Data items
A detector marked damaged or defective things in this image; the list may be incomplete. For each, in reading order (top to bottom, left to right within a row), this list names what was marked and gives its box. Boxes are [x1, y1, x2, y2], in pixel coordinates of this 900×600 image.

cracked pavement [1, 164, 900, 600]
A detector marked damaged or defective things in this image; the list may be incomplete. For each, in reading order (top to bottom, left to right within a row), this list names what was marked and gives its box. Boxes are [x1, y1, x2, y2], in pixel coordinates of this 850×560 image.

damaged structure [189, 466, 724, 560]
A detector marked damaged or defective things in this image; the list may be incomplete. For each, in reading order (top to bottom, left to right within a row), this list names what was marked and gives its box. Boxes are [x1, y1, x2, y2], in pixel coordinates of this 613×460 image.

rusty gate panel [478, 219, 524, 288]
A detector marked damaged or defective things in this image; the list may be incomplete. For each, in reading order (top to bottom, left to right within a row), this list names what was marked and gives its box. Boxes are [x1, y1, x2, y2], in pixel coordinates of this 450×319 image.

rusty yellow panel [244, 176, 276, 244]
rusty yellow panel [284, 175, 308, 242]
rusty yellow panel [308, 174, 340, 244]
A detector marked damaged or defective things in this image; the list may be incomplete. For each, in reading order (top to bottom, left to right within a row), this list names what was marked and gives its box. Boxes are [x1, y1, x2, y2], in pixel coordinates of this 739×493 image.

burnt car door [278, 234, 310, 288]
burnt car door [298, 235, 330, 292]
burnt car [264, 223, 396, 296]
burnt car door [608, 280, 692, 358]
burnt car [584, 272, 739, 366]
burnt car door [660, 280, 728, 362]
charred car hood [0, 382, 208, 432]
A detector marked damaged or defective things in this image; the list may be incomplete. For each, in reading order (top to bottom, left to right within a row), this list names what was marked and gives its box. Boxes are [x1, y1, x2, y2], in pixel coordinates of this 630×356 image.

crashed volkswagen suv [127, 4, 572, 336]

== Directions ==
Take the data above and reproduce it exactly.

== Result of the exercise ==
A detector marked damaged or defective things in this image; the list may be incomplete. For each, in reading order (top to bottom, left to right within a row), this list names what was marked and gives its box. Boxes are [x1, y1, x2, y2], in pixel coordinates of this 900×600 image.

cracked pavement [1, 164, 900, 600]
A detector marked damaged or defective things in this image; the list may be incomplete. For each, in reading order (top to bottom, left to right within a row), this list names what was marked and gives its box. Boxes are [x1, y1, x2, y2], in pixel coordinates of this 850×560 image.

damaged structure [189, 466, 724, 560]
A detector marked damaged or defective things in this image; the list may be incomplete. For each, in reading order (top to bottom, left to right within a row), this list names what was marked and gives its box. Boxes are [x1, y1, x2, y2], in pixel coordinates of this 613×460 image.

rusty gate panel [478, 219, 524, 288]
A detector marked damaged or defective things in this image; the list may be incomplete. For each, in reading order (top to bottom, left to right within a row), this list names what was marked and gives its box. Boxes are [x1, y1, x2, y2], in pixel coordinates of this 450×319 image.

rusty yellow panel [244, 176, 276, 244]
rusty yellow panel [284, 175, 308, 242]
rusty yellow panel [308, 174, 340, 244]
A detector marked damaged or defective things in this image; the list may be incomplete. For each, in reading order (top to bottom, left to right within a row), this list names what was marked and gives its box. Boxes are [x1, y1, x2, y2], in pixel coordinates of this 739×493 image.

burnt car door [278, 234, 310, 288]
burnt car door [298, 235, 330, 292]
burnt car [264, 223, 396, 296]
burnt car door [608, 280, 692, 358]
burnt car [584, 272, 739, 366]
burnt car door [660, 280, 728, 362]
charred car hood [0, 382, 208, 432]
A detector marked damaged or defective things in this image; the list may be incomplete. For each, in reading order (top to bottom, left to right within a row), this list names what was marked and gives its box. Boxes are [x1, y1, x2, y2], in pixel coordinates of this 630×356 image.

crashed volkswagen suv [127, 4, 572, 336]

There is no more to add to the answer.